Secondly, Malaysian technology firms are facing rising cost pressures from the second half this year, which are difficult to fully pass on.

This includes higher electricity tariffs and the mandatory 2 percent pension fund contribution for foreign workers.

Thirdly, foreign exchange (forex) headwinds persist with the Malaysian Ringgit having appreciated by 5 percent year to date against US dollar.

“While early reads suggest that the second quarter earnings season (July-Aug) may demonstrate relative resilience, the outlook for third quarter-fourth quarter remains opaque with heightened risks,” said the research house.

Against this backdrop, it sees limited scope for a positive inflection in the near term; sentiment is likely to remain subdued until earnings expectations are reset and the outcome of US tariff policy becomes clearer.

Hong Leong also believes it’s still too early to call for sustained recovery (especially for the auto/industrial segments), despite improving commentary from the supply chain.

It noted major analog IC suppliers like Infineon, STMicroelectronics, and Microchip have recently talked about the bottoming of these segments after having gone through a prolonged downcycle that started in late 2022.

These developments have fueled expectations that the analog IC supply chain may be past the trough, with the upcoming second quarter earnings season likely to be upbeat.

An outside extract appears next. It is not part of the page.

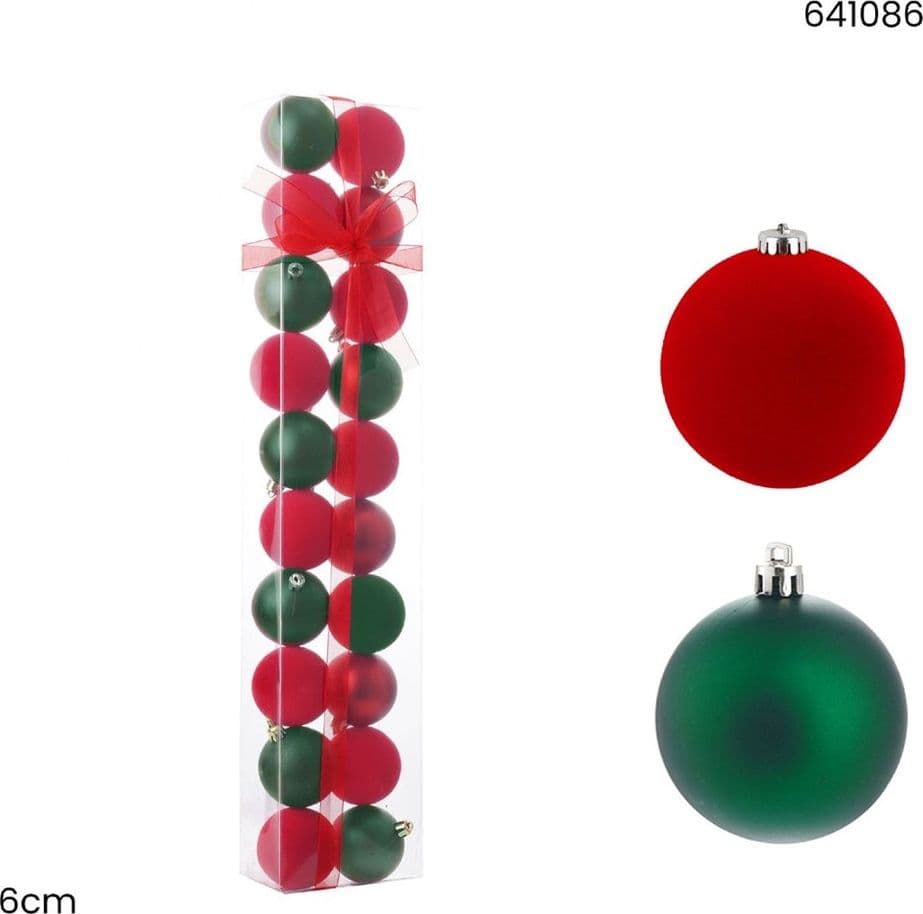 SET 20 SFERE PALLINE NATALIZIE PVC DA 6CM FINITURA VELLUTO/MATT DECORAZIONI ALBERO NATALE - 9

“However, we think the sustainability of this recovery remains unclear. Notably, part of the first half strength could have been driven by front-loading of orders in anticipation of US tariff risks,

“If so, the risk of a double whammy in the second half (weaker end-demand coupled with elevated channel inventory) should not be ruled out, especially if macroeconomic conditions deteriorate and supply chains are disrupted due to tariffs,” it added.

Within the electronics manufacturing services (EMS) space, it expects the sector’s earnings prospects to differ between consumer-focused and industrial-focused EMS players in the second half.

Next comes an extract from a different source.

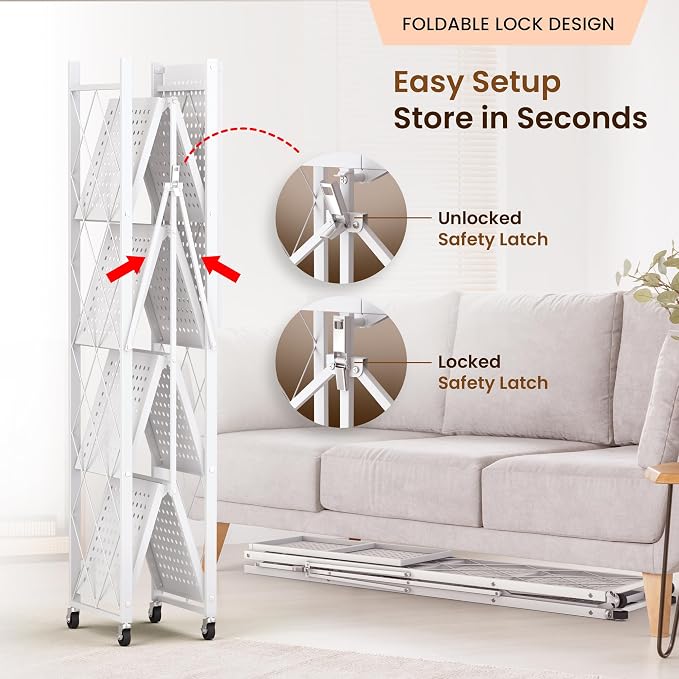 Our Modern Space 5-Tier Foldable Storage Shelf with Wheels | Metal Rack Collapsible Shelving Display | Rolling Cart for Books Kitchen Storage Shelves | Pantry & Closet Organizer | Office Room Decor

It opined that consumer EMS names continue to face challenges from fragile end-demand and muted discretionary spending amid ongoing macroeconomic uncertainties.

“Although management guidance during the recent earnings season pointed to a stronger second half (driven by new product contributions from existing customers), we see potential downside risks to these expectations, particularly as the effects of reciprocal tariffs begin to filter through,” said the research house.

In contrast, it highlighted that industrial EMS players are likely to deliver more resilient performance, supported by their exposure to non-discretionary end-markets such as mission-critical communication systems, crypto mining equipment, switches, and server-related components.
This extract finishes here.